Zichmni is the name of an explorer-prince who appears in a 1558 book by Caterino Zeno of Venice, allegedly based on letters and a map (called the Zeno map) dating to the year 1400 by the author's ancestors, brothers Nicolò and Antonio Zeno. Zichmni is described as a great lord of some islands off the southern coast of Frislanda, a possibly fictitious island claimed to be larger than Ireland and located south of Iceland.

According to the book, the letters provided a first-hand account of a voyage of exploration undertaken in 1398 by Prince Zichmni, accompanied by the Zeno brothers. The book claims that the voyagers crossed the North Atlantic to Greenland. A few recent authors speculate that they may have reached the coast of North America. There is disagreement among historians as to whether to accept the Zeno letters as valid.

Some proponents of the authenticity of the tale maintain that Zichmni was a Scottish nobleman named Henry Sinclair. However, other scholars have pointed to flaws in this identification and consider it extremely unlikely.

The first person to identify Zichmni with Henry Sinclair was Johann Reinhold Forster in 1784.

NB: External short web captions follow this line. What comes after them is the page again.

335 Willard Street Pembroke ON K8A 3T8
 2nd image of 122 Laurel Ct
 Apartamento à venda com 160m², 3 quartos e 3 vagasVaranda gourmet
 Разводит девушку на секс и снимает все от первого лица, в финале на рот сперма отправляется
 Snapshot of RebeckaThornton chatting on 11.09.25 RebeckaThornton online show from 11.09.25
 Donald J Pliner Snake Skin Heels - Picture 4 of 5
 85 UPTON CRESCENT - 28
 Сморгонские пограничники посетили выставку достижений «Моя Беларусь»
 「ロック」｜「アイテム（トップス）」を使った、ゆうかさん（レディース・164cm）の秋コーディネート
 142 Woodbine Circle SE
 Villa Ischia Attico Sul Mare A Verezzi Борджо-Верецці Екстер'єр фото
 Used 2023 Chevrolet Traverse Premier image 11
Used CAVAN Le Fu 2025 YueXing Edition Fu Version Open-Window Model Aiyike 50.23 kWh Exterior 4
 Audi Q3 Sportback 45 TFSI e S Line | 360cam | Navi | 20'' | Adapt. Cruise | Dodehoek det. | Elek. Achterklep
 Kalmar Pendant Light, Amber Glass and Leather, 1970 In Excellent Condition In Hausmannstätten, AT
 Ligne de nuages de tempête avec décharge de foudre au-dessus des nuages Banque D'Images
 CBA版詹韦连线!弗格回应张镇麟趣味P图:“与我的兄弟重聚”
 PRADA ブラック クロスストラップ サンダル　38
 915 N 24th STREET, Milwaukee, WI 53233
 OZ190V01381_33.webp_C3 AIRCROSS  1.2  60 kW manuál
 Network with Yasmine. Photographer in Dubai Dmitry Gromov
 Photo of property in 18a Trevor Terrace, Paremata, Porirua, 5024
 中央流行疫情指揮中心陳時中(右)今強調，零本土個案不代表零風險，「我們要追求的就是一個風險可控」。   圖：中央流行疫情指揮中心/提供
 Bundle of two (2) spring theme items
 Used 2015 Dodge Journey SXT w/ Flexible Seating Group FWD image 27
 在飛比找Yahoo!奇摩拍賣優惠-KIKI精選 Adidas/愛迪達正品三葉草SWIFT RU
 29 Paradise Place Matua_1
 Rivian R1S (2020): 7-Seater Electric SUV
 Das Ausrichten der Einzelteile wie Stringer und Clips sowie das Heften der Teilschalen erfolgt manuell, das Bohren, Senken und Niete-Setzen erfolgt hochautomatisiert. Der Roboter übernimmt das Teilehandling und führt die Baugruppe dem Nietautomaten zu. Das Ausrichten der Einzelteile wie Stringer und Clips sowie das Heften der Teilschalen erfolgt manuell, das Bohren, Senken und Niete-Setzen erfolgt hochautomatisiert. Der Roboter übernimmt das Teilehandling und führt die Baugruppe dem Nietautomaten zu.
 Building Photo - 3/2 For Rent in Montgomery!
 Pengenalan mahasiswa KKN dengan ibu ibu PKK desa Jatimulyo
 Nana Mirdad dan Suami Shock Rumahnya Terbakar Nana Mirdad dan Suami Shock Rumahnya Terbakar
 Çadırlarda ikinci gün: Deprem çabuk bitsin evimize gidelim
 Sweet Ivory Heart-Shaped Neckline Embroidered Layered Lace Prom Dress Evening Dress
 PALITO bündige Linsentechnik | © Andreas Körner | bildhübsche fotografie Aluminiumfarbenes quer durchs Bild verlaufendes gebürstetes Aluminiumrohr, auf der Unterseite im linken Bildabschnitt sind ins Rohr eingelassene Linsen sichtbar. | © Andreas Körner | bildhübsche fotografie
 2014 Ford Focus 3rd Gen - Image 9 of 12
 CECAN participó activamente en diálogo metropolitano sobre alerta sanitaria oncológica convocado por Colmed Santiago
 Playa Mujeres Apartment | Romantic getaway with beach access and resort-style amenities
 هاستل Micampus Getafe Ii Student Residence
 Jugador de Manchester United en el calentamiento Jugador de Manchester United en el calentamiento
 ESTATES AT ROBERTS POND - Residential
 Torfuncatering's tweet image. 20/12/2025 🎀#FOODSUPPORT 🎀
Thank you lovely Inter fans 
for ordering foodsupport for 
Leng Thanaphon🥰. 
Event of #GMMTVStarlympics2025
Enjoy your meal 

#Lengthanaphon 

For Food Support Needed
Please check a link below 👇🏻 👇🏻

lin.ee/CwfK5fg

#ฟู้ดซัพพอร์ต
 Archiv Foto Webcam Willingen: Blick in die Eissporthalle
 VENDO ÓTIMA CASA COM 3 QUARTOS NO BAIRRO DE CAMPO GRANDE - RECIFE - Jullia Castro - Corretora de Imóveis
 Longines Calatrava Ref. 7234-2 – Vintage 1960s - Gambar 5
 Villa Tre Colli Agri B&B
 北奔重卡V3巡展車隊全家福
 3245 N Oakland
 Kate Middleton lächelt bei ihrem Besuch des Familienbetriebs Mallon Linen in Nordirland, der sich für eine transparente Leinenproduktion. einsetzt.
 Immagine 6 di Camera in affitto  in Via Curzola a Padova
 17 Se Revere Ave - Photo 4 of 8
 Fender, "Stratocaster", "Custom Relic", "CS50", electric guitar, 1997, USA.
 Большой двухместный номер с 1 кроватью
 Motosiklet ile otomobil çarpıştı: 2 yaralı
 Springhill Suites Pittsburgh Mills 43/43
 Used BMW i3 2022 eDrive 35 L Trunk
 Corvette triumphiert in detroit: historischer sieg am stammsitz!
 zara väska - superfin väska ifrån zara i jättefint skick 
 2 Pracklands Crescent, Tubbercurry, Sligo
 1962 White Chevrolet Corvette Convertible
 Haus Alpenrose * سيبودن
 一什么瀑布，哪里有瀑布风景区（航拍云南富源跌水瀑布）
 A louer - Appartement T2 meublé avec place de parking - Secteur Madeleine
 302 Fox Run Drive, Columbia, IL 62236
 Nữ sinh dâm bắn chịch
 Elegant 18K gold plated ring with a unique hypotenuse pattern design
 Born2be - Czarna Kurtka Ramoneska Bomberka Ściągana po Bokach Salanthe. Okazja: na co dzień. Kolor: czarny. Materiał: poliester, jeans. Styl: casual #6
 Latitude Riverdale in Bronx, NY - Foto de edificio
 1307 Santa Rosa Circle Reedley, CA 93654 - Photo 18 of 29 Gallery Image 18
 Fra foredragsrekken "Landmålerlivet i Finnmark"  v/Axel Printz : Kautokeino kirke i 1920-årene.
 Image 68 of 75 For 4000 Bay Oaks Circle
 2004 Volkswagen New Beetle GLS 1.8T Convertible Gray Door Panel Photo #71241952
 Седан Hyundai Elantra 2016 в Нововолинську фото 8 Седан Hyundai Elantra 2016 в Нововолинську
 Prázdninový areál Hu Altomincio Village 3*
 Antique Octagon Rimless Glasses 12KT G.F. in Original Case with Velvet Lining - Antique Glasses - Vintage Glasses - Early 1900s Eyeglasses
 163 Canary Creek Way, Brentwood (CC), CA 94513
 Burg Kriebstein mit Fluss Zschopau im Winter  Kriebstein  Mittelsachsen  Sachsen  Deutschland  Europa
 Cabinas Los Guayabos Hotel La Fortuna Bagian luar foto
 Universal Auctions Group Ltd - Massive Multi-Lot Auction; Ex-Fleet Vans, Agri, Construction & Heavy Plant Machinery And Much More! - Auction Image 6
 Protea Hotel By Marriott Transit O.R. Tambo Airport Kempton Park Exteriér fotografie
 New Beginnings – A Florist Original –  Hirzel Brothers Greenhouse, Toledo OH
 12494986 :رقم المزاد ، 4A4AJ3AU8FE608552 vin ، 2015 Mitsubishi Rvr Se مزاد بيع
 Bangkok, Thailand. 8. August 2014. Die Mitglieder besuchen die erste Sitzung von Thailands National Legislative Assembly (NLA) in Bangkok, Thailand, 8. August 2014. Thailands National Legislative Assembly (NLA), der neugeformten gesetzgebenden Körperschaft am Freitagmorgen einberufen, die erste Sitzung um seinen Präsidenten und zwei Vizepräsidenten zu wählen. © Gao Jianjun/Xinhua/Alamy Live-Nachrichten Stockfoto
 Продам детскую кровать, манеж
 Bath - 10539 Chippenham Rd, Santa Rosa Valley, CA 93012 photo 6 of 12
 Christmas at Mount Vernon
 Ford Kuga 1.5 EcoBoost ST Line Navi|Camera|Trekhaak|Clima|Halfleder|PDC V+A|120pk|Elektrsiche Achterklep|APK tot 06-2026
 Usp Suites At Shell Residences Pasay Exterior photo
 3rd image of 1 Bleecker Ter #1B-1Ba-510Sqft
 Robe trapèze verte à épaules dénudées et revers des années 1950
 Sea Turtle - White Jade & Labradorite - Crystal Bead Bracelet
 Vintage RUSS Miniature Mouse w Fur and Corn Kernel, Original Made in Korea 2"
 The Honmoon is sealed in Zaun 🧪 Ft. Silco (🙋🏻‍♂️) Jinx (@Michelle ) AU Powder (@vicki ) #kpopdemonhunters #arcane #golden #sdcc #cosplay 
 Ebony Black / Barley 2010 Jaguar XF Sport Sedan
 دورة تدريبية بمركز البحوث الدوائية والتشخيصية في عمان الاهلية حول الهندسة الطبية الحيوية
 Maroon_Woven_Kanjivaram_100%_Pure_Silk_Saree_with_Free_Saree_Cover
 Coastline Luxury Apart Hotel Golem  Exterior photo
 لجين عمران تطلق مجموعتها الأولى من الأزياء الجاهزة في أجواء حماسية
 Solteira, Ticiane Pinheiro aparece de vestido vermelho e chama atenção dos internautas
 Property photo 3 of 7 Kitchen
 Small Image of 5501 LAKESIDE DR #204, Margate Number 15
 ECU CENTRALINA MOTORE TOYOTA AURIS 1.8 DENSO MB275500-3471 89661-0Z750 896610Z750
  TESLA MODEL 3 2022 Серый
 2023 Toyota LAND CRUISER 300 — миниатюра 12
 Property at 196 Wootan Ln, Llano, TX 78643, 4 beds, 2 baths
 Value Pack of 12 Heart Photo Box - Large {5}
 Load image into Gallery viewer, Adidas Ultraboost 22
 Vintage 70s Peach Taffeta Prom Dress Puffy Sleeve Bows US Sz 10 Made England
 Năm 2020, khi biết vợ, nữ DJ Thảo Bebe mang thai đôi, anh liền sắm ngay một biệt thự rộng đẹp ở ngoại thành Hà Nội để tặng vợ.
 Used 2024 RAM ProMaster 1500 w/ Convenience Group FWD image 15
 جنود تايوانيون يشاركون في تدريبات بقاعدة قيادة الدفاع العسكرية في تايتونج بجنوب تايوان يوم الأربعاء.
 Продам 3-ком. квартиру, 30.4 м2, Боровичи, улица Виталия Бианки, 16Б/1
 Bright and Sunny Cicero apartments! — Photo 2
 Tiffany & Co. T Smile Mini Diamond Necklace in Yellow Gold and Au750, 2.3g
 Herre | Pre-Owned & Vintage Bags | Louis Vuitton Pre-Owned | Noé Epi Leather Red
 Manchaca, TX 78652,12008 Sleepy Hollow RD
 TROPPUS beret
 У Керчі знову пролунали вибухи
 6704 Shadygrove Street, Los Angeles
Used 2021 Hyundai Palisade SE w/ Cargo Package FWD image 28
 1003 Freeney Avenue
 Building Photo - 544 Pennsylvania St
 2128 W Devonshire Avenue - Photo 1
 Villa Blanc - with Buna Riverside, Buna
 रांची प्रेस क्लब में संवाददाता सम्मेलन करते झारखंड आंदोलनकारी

The account of the voyages given by the younger Nicolò continues to attract debate. Some of the islands the Zeno brothers allegedly visited either conflate existing locations or do not exist at all. Research has shown that the Zeno brothers were occupied elsewhere when they were supposedly doing their exploring. Contemporary Venetian court documents place Nicolò as undergoing trial for embezzlement in 1394 for his actions as military governor of Modone and Corone in Greece from 1390-1392. He wrote his last will and testament in Venice in 1400, many years after his alleged death in Frislanda around 1394. There is disagreement about the brothers' whereabouts at the time of the supposed voyages, with some readings of archival records placing the brothers in Venice at that time.

According to The Dictionary of Canadian Biography Online, "the Zeno affair remains one of the most preposterous and at the same time one of the most successful fabrications in the history of exploration." Herbert Wrigley Wilson described and analysed the story at length in The Royal Navy, a History from the Earliest Times to the Present, and was sceptical about its veracity, noting "At the date when the work was published Venice was extremely eager to claim for herself some share in the credit of Columbus's discoveries as against her old rival Genoa, from whom Columbus had sprung."

== Modern views ==
Most historians regard the map and accompanying narrative as a hoax, perpetrated by the younger Zeno to make a retroactive claim for Venice as having discovered the New World before Christopher Columbus.

The evidence against the authenticity of the map is based largely on the appearance of many phantom islands in the North Atlantic and off the coast of Iceland. One of these non-existent islands was Frisland, where the Zeno brothers allegedly spent some time.